Locked Down or Opened Up?

Fed up with being enclosed, wanting to do the 'normal' things in life, nervous even to go shopping? Lots of reasons to be less than content at the moment even for those who are not ill.

But perhaps there are opportunities as well as deprivations. During this extended celebration of the Easter story - it continues through May - we are reminded of the events of another lockdown. Shortly after the resurrection the close followers of Jesus were locking themselves in a room to avoid contact with the religious leaders who might recognise them and take hostile action against them. It is hard to know what they were feeling or quite what would happen next, or when: so some parallels to our current situation.

Then the unexpected happened. They became aware of the presence with them of Jesus - well, not the Jesus in the same form as they had previously known him, although transformed, undoubtedly him. The walls of the house were no barrier to this experience which opened their eyes to a new way of seeing themselves and the world around them: it was the first phase of their inspiration and motivation for devoting the rest of their lives to spreading the spirit of Love into an often difficult and sad world.

We might ask ourselves whether, and how, our lockdown will change us. Perhaps there are thoughts, ideas, feelings, experiences that we are having during this time that are worth holding on to and developing in the future.

It was also during the disciples' lockdown that Thomas was elsewhere when the others first experienced the presence of Jesus. When he returned, he was reluctant to believe what they told him - perhaps not surprising. Elsewhere we read of Thomas being his own man and being open and honest with others about his thoughts and feelings.

When the experience of Jesus again comes to the locked room Thomas is there, probably expecting a telling off from Jesus for expressing his previous doubt.  However, that is not what happens, instead Jesus invites Thomas to see the crucifixion wounds. Thomas does not need to, he is overcome by the presence and immediately convinced. So it is at that moment, when Thomas is being most genuinely himself, that God comes to him. Perhaps our current situation is reminding us of the sort of people we really are, warts and all, doubts and all. Being open to that is an invitation for sacredness to make its mark on us.
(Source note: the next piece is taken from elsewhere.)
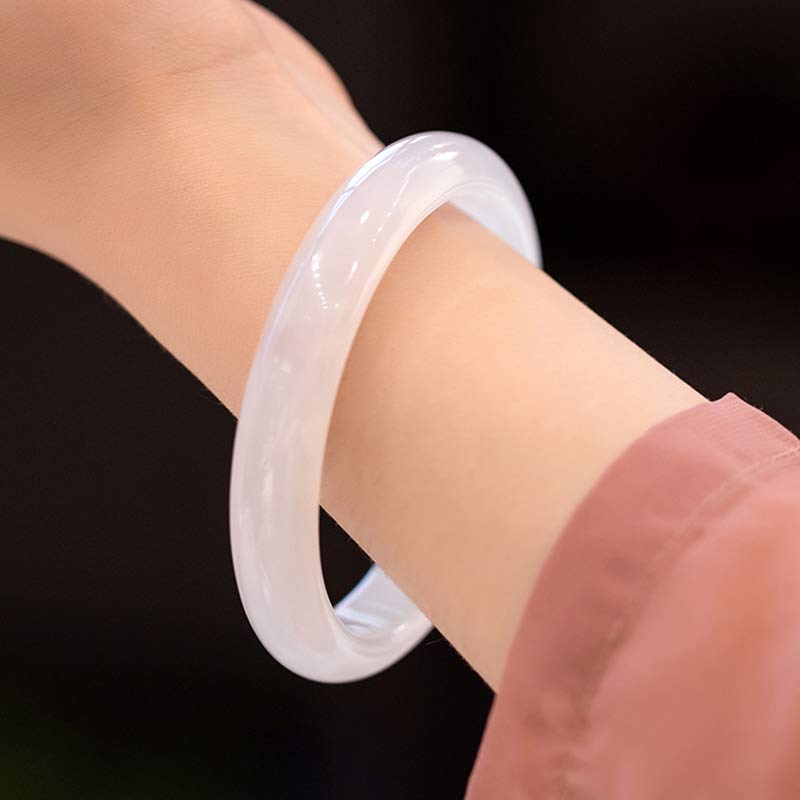Stone of buddha Natural Chalcedony Harmony Positive Bracelet Bangle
Another story that we hear during this Easter period is that of the two travellers making their way home, meeting and chatting with an apparent stranger. They invite him into their home for a meal and it is only when he blesses the food set out in front of him that they realise his true significance - "didn't our hearts burn as we talked with him" they say as they realise they had experienced the risen Christ. We might look back on some past experiences and appreciate within them a significance that was not apparent at the time. The divine comes to us unannounced and unrecognised at the most unlikely times and places.